In the 2012 election, Supreme Court candidates raised more than $3 million. That election, Supreme Court Justice David Medina lost in an expensive primary to Tea Party challenger John Devine. Devine, an anti-abortion activist who, as a judge, refused to remove the Ten Commandments from his courtroom, pulled in a large portion of his funding from a group named Texans for Family Values.
Fortunately, the path to judicial selection reform has already been paved in other states– and three broad principles stand out. First, either the legislative or the executive branch should appoint judges. Doing so will insulate judges from the pressures of political campaigning.
However, this alone would still leave judges vulnerable to political maneuvering by legislators or the governor. The second broad principle seeks to address this issue: the appointment process should be guided by laws requiring the appointer to consider potential candidates on the basis of merit. Half of all states currently use a merit plan of some kind.
Finally, the judicial selection process should be one of checks and balances. If the governor appoints judges, for instance, the legislature should approve them – and vice versa. The public should also still have the ability to hold their public officials accountable. Retention elections, in which residents vote on whether a judge should keep his position, are a good way of ensuring public accountability. Significantly, there does not appear to be any correlation between campaign contributions and judicial rulings in systems with retention elections.

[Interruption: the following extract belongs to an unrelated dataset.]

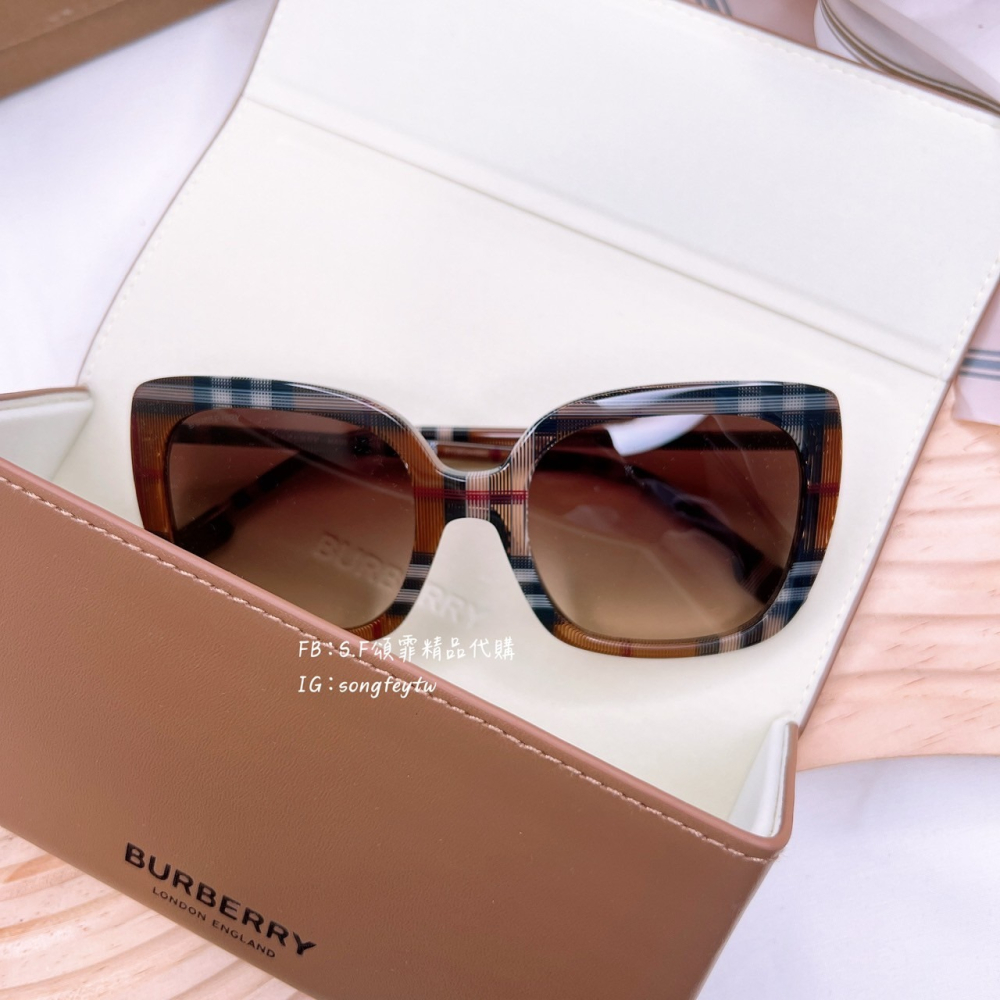歐美代購🇺🇸台灣現貨  Burberry 格紋墨鏡 400513 4499g 格紋-細節圖2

Some opponents of appointive systems claim that holding elections (rather than retention elections) helps the public hold judges accountable and prevents the governor from consolidating power through judicial appointments. However, recent Texas history does not bear this out. For all intents and purposes, Texas currently has a de-facto gubernatorial appointment system, in which Texas Supreme Court justices retire before the next election and allow the governor to appoint a replacement, who then runs as an incumbent. Gov. Perry has appointed 11 of the last 15 Texas Supreme Court justices this way. So, Texas has the worst of both worlds: a system that allows the governor to appoint judges, but still forces them to fundraise and campaign.
Texas can do better. The justice system should be impartial, but forcing judges to become politicians opens them up to the pressure to rule a way that benefits their donors and provides donors with the opportunity to handpick their preferred judges. To remedy this, Texas should adopt an appointive system with ample checks and balances – the integrity of our court system depends on it.
— Texas originally allowed the governor to appoint judges. In 1850, it replaced this appointive system with one in which voters elected judges. This shift was part of a national movement known as ‘Jacksonian Democracy.’ The governor briefly regained the authority to appoint judges during post-Civil War Reconstruction. But once Reconstruction ended, Texans stripped the executive branch of this power again, and returned to a judicial election system.  In 2012, the Center for American Progress released a report documenting specific cases in which the judicial election system might have affected a particular ruling’s outcome.  Even though David Medina lost, he actually outspent John Devine. But Devine was still able to raise almost $274,000. Without significant help from large donors, it is doubtful he could have been a serious contender for the Texas Supreme Court.